Pictures aside, repeat the whole listing word for word.

→ **DATASET SECTION**
※
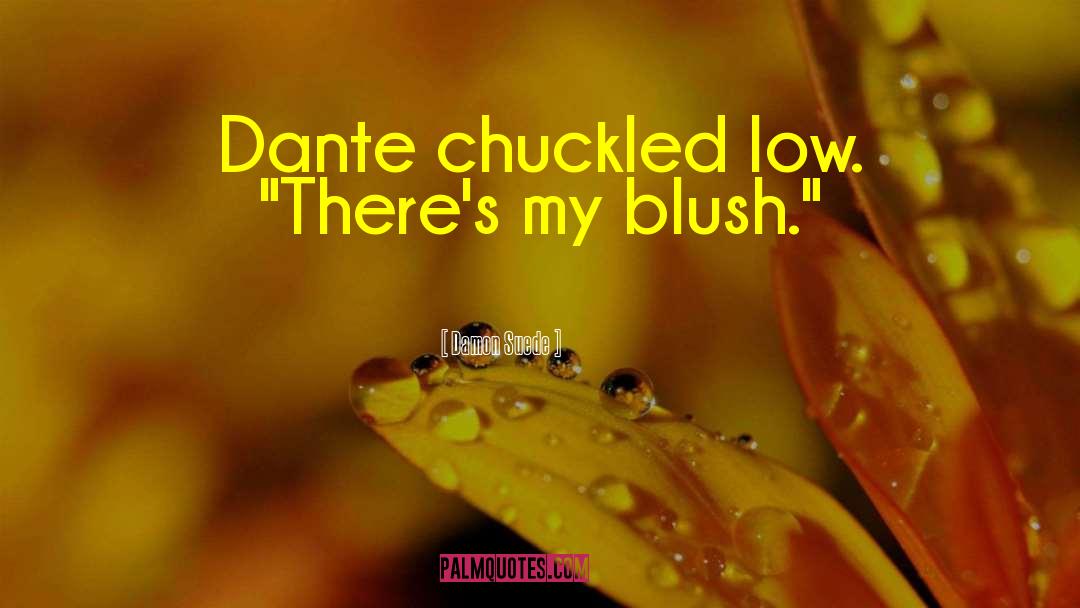 Damon Suede Quotes: Dante chuckled low. 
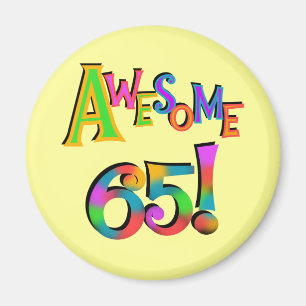 Awesome 65 Birthday Tshirts and Gifts Magnet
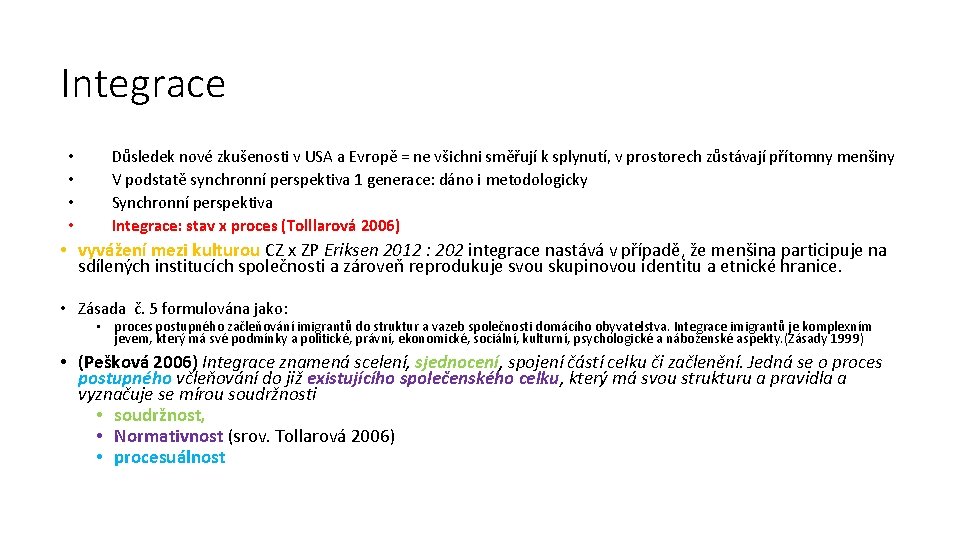 Integrace • • Důsledek nové zkušenosti v USA a Evropě = ne všichni směřují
※
→ **YOUR RESPONSE**
 Damon Suede Quotes: Dante chuckled low. 
 Awesome 65 Birthday Tshirts and Gifts Magnet
 Integrace • • Důsledek nové zkušenosti v USA a Evropě = ne všichni směřují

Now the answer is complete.